Caucasoid c.35dupG and c.35delG homozygotes plus both their alternate compound and single heterozygotes, can all eventually be reliably identified with an audiogram, which does not show any noticeable or consistent aging influence before 35 years of age in the latter ones. However, there is a slightly earlier threshold effect in c.35dupG carriers above 2 kHz. Within the Old World populations, a wider geographic distribution of mutation c.35dupG is evident, and everywhere, its prevalence is always considerably lower than that of c.35delG, for still unclear reasons, since its segregation frequency does not seem to be lower than expected and therefore, no negative selection factors seem to be acting.

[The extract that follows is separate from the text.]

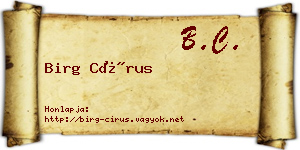 Birg Círus névjegykártya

The mutation is steadily absent from most non-Caucasoid groups, except Chinese Han and Hui ethnic subgroups, being clearly independent of c.35delG despite its genomically extreme physical proximity. A center for its dispersion has now been located in southwestern Germany, most probably within an allele-enriched topodeme as is exemplified by many other recessive phenotypes in isolated populations (i.e., [55]); its likely IBD source was presently discovered among nonsyndromic deafs in northern Venezuela, distant ahead several generations from their original geographic/ethnic source, showing so far from western Europe, a novel quite elusive genotype, among the offspring of parents with very low close ancestral but likely certain, remote kinship.

Limitations

Regardless of the missing data on the genetic constitution of some critical-alive and defunct-pedigree members that might lessen the whole informational content of the cohort; the relatively low close kinship and the high mutational heterogeneity of the latter are fortunate and robust counterweights, which within an isolate, allow a proper assessment of both the frequency and original geographic distribution of the genetic variables producing hearing impairment phenotypes in a specific topodeme, unlikely to be obtained by surveying largely outbred populations.